Its power systems segment, which manufactures engines for ships and submarines, also houses its data centers business, which McCabe said had “huge potential,” with order intake increasing by 85% year-on-year.

Rolls-Royce: Data centers are a 'huge potential' with 20% annual growth opportunity

Rolls-Royce’s largest business by revenue, the civil aerospace unit which makes jet engines for commercial aircraft like Boeing and Airbus, is a long-term turnaround story, said UBS analyst Ian Douglas-Pennant on Friday, as he hiked his price target on the stock to 1,625p from 1,350p.

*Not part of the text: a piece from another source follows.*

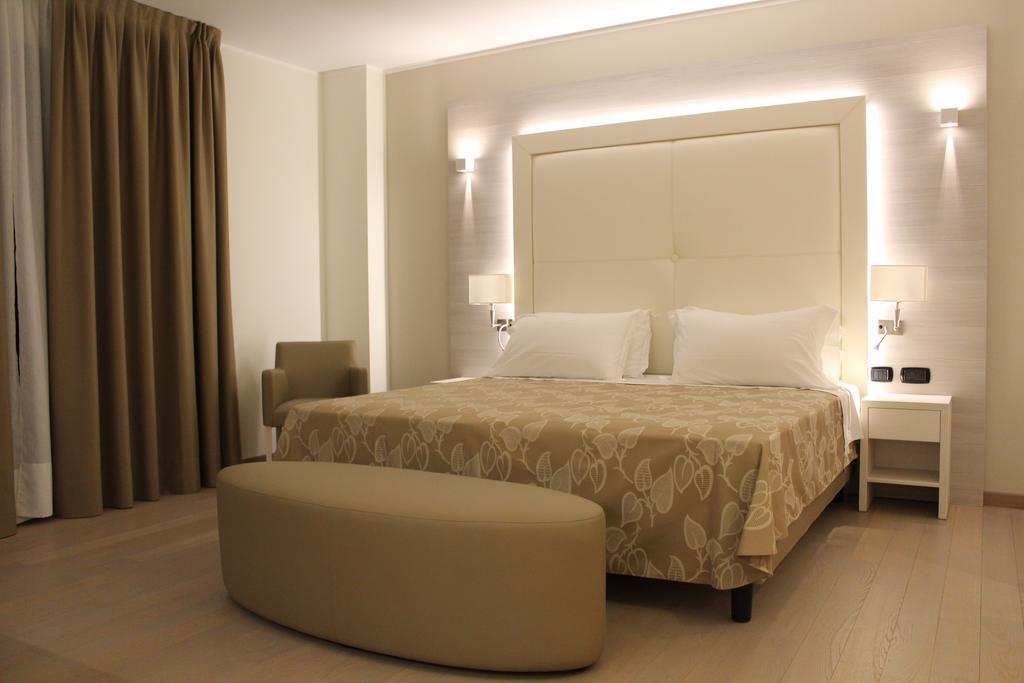 Two-Bedroom Apartment,339890617:JPEG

The price target increase was due to upgraded expectations for growth in power generation sales 2028 to 26% from 20% for 2024-2028, Douglas-Pennant said, citing accretive data center sales. 

With the upgraded sales outlook, profitability (earnings before interest and taxes, or EBIT) in the power business could increase by as much as 60% by 2028, he added.

Rolls-Royce has an emerging business of energy generation and in June received government backing to build the U.K.’s first small modular nuclear reactor.

One potential concern for investors is that with the spike in share price, the stock’s price-to-earnings ratio for the coming 12 months has reached over 36, according to LSEG, a valuation higher than most of its peers.

Investors are now looking ahead to full-year results slated for Feb. 26, and will closely monitor news on its upcoming share buyback program, announced in December.